Health-related data is estimated to be around a yottabyte which is equal to 10^24 bytes!
Improvement in staff wellbeing
Delivering quality healthcare is a tiring experience. At the end of the day, they hit the hay and return home exhausted. One of the most important areas to improve in healthcare is staff wellbeing. Firstly, we need to take some load off their shoulders using AI-assisted healthcare. This would reduce burnout.
- Alert the mental health professionals about patient’s conditions and suggest the possible course of action.
- Reduce the load of menial task like form filling and data entry
- Assess the stress levels and suggest breaks before burnouts occur.
Telemedicine
Telemedicine offers a remote assessment and monitoring facility for patients. It is especially helpful in situations and places where it is difficult to get access to healthcare. The Novel Coronavirus pandemic has accelerated the adoption of telemedicine. About 43.5% of the Medicare health centers used telemedicine in 2020. We shall see this trend upward for the next few years.
However, we still have some limitations when it comes to telemedicine. Firstly, it will take some more time to win the trust of the customers. Once people start trusting telemedicine, it’s adoption would increase. Secondly, another issue in remote medicine is that of data requirements. Many handsets were launched with 5g functionality in 2020. It will increase the available bandwidth required for some features like augmented and virtual reality. These features make telemedicine more realistic. 5G will be helpful in adding functionality like AR, VR to telemedicine.
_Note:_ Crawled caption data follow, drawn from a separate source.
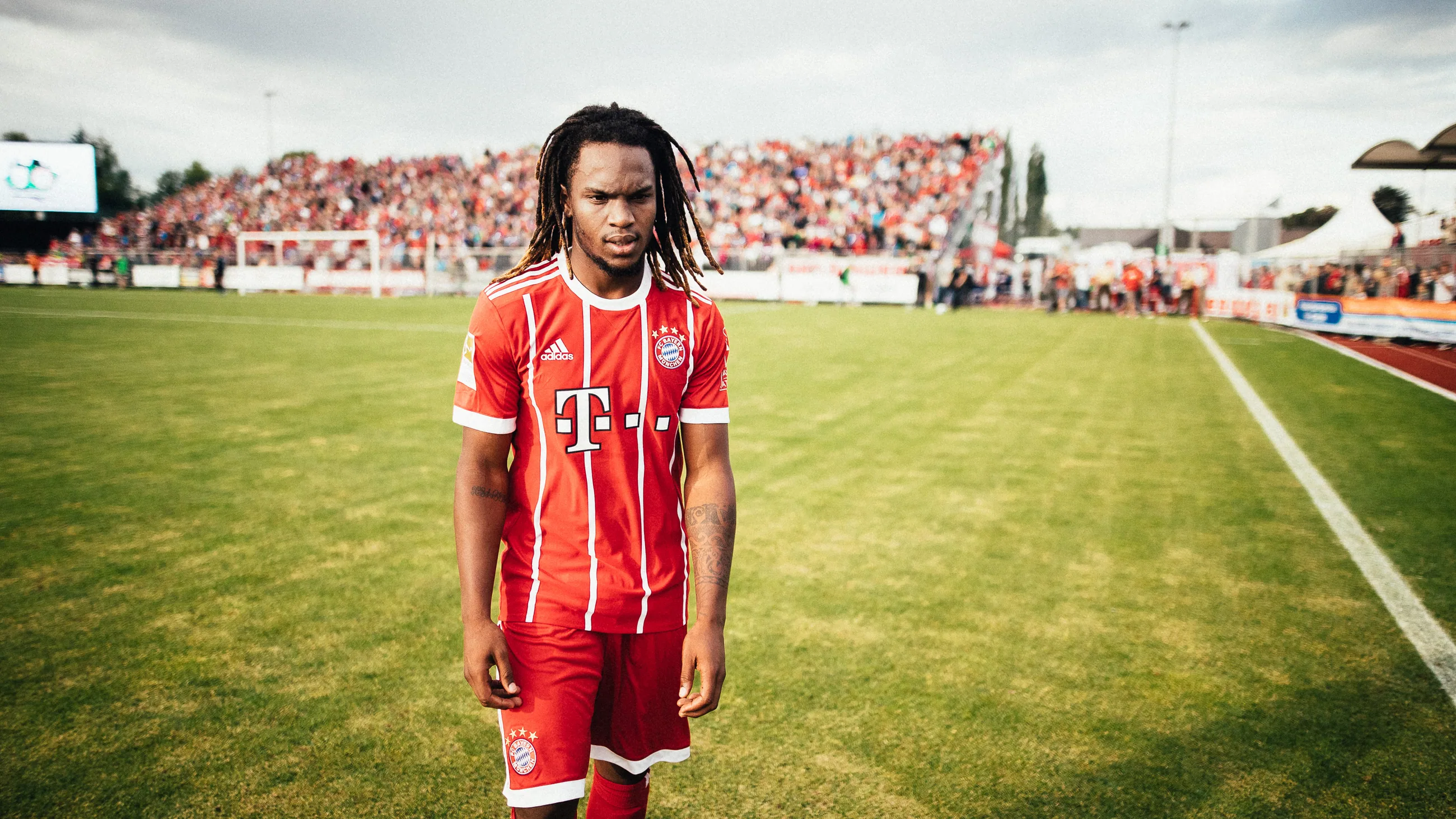 FC Bayern X Traumspiel – c87i0785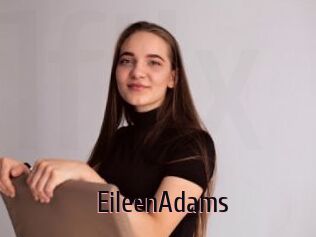 EileenAdams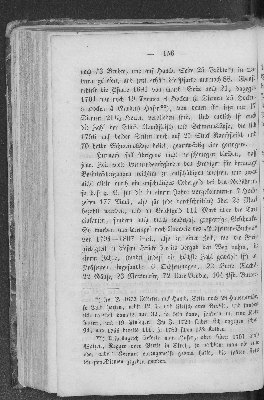 Vorschaubild Seite 156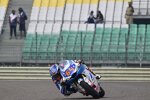 Bo Bendsneyder (SAG) 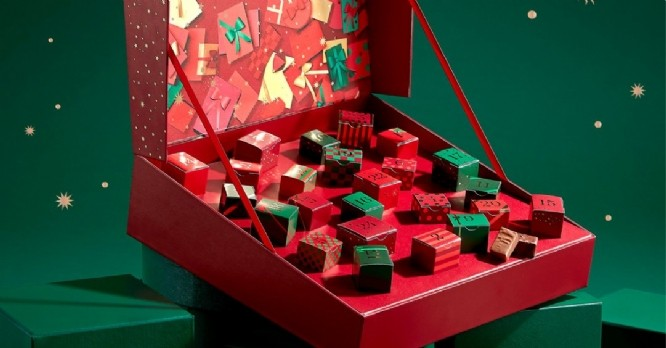 AnthonyRochand's tweet image. 🍫Comment La Maison du Chocolat développe son site #ecommerce ecommercemag.fr/Thematique/ret… via @Ecommercemag_fr #AdobeExperienceMakers2022 #CX #Marketing #SocialMedia #Omnicacanal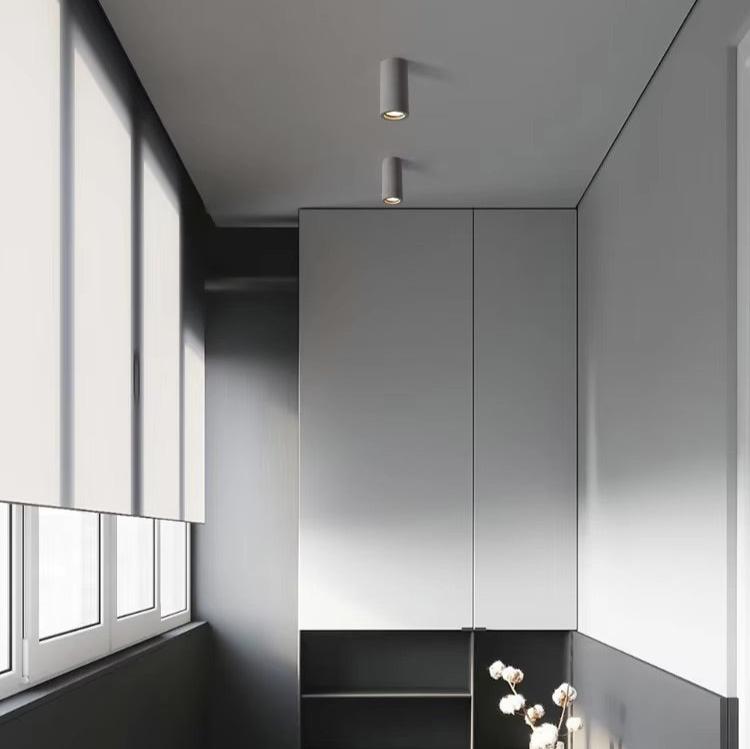 Elara loftlampe kollektion | Petprovac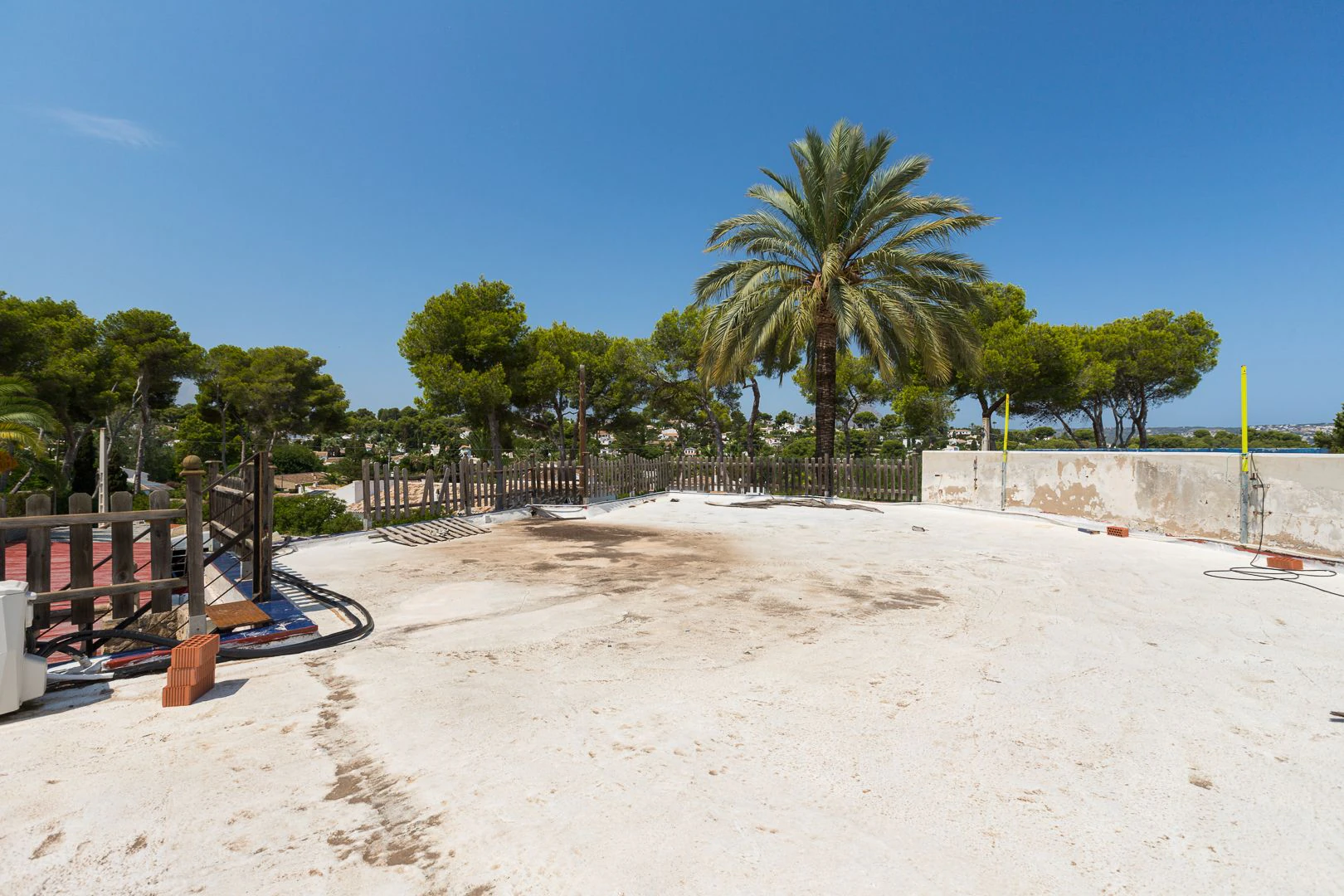 CRLL769525 - Villa for sale in Jávea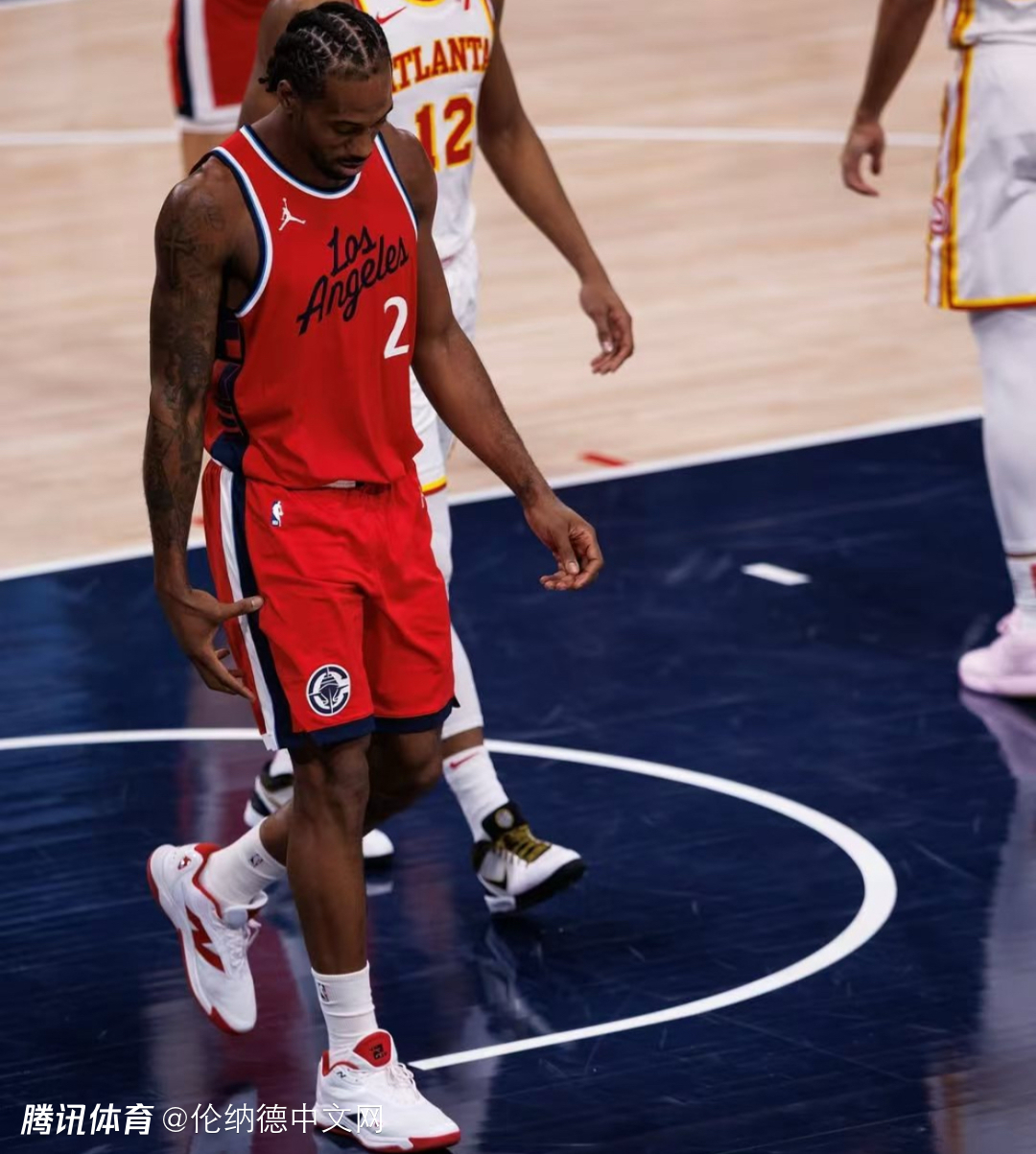 开云官网-关于快船队员备战状况良好在主场迎战年轻有为的对手的信息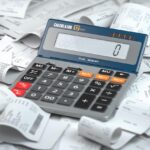 finance, money, business, receipts, finance, finance, finance, finance, finance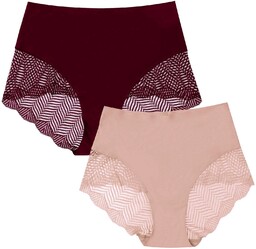 Figi Passy2 41947 k001 2-pak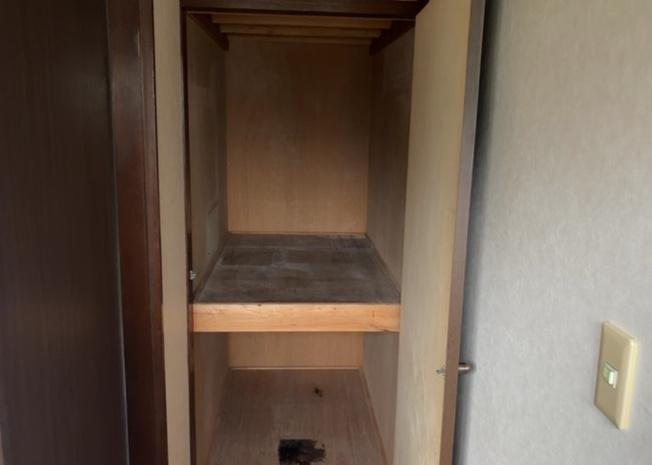 【収納】 | 家族構成や住宅環境によって収納の仕方は十人十色！キッチン、リビング、玄関、寝室など、部屋ごとのいろんな収納を使って自慢のお家にしませんか？物件をご内見する際は、収納の場所や数は事前チェックしましょう！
Therefore AI in healthcare 2021 may see an uptake of telemedicine.
Future directions of use of AI in healthcare
1. Personalized Medicine
- Tailored Treatment Plans: AI can analyze vast amounts of patient data, including genetic information, medical history, and lifestyle factors, to create highly personalized treatment plans.
- Drug Discovery: AI can accelerate drug discovery by identifying potential drug candidates and predicting their effectiveness for specific diseases.
2. Enhanced Diagnostics
- Medical Imaging: AI-powered algorithms can analyze medical images (X-rays, MRIs, CT scans) with greater accuracy, aiding in early disease detection and diagnosis.
- Disease Prediction: AI can predict the likelihood of certain diseases based on patient data, allowing for preventive measures and early intervention.
3. Improved Patient Outcomes
- Remote Monitoring: AI-enabled devices can monitor patients’ vital signs and symptoms remotely, providing timely alerts to healthcare providers.
- Surgical Assistance: Robotic surgery assisted by AI can improve precision, reduce surgical time, and minimize complications.
4. Administrative Efficiency
- Automation: AI can automate administrative tasks, such as scheduling appointments, billing, and insurance claims processing, freeing up healthcare professionals to focus on patient care.
- Data Management: AI can help manage and analyze large datasets, improving decision-making and resource allocation.
5. Drug Repurposing
- Efficient Drug Discovery: AI can identify new uses for existing drugs, accelerating drug development and reducing costs.
6. Ethical Considerations
Data Privacy: Ensuring the security and privacy of patient data is a critical concern.
Bias Mitigation: AI algorithms must be carefully developed to avoid biases that could perpetuate healthcare disparities.